Show HN: CLAVIER-36 (programming environment for generative music)

clavier36.com

47 points by river_dillon 3 hours ago

CLAVIER-36 is a programming environment for generative music. Programs are laid out in a two-dimensional grid, and evolve over time according to a fixed set of rules. The system is much like a cellular automaton, in that most of the rules governing the evolution of the system are local.

C36 programs describe sequences of discrete events in time. The environment includes a primitive sampler, as a self-contained means of interpreting these events as sound. For full expressivity, though, the system is best used as a generator of data for interpretation by an external musical instrument, such as a synthesizer.

The project was very directly inspired by Orca (https://100r.co/site/orca.html). It began as my own from-scratch implementation of Orca and diverged over time.

It's written in C, and compiled to WASM for the browser.

See the following pages for more info:

about page: https://clavier36.com/about

user manual: https://clavier36.com/manual

tutorial video: https://youtu.be/rIpQmJVMjCA

nielsbot 4 minutes ago

Cool project. I've referred people to Orca before--and the lack of "built in instruments" (and maybe the flow visualization) was a stumbling block. This feels more "consumer friendly" :)

gregsadetsky 3 hours ago

River (the software author) worked on this during his time at the Recurse Center and it’s been amazing to see him develop it all from scratch in C. (I contributed 2.5 lines of code on the web deployment/firebase side).

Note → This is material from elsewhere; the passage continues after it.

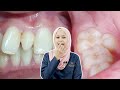 Tengok Video Ini Jika Anda Ada Gigi Lebih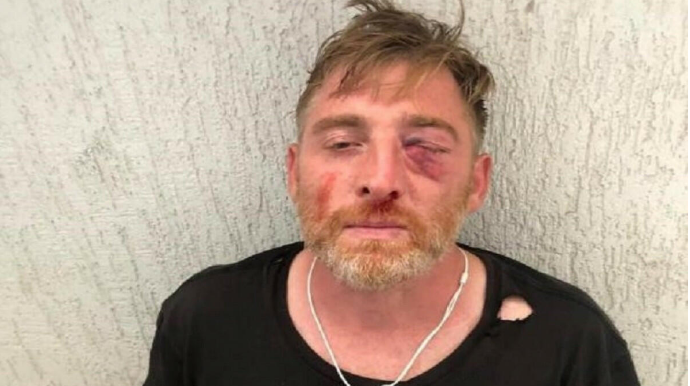 Aksiyada döyülən "Pirveli TV"nin əməkdaşı öldü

He’s a friend, but I am very unbiased in saying that the sample-rate execution of the entire grid seems like an incredible technical achievement.

One of the craziest (super super noisy but fascinating to watch) grids uses just a few “operators” that generate random operators and random values, and place them at random location.

That grid runs - easily! in the browser!! - at 1000 bpm. Forget 60 fps :)

I’ll update my comment linking to this patch so you can take a listen. It’s stunning, organic and very punk.

  • kookamamie 2 hours ago

    I'm curious - was it two and a half lines of code you contributed?

    • gregsadetsky an hour ago

      I was saying that in jest, ha. More like 2.5% of the code.

      Very briefly, I contributed the CI pipeline that makes git push build the wasm and deploy it to a micro server that sets the specific required headers. I used the deployment tool I’ve been working on with a friend, which is called Disco.

      There was something about wasm/the audio worklet requiring super specific headers - `Cross-Origin-Embedder-Policy: require-corp` … Nothing too complicated.

      The other part I contributed is the loading/saving patches to Firebase, which lets people share compositions.

      But all of the audio, grid, ui is all River’s!

sammy0910 33 minutes ago

this is a neat project! i know river and he is a very good engineer

xeonax 2 hours ago

Can you see if you can serve the static files over cdn, might speed up the site loading speed. claviar.wasm took 4 minutes to load here. 200MBPS connection

  • gregsadetsky an hour ago

    Apologies, I’ll setup a proper CDN and update this message once it’s live. Thanks for the report!

Teknomadix 2 hours ago

I want to run this on a Steam Deck!

qwertytyyuu 2 hours ago

It doesn’t seem to load…

  • gregsadetsky an hour ago

    Apologies, it may have to do with the server. I’m on it and will update this message once it’s fixed/better. Thanks!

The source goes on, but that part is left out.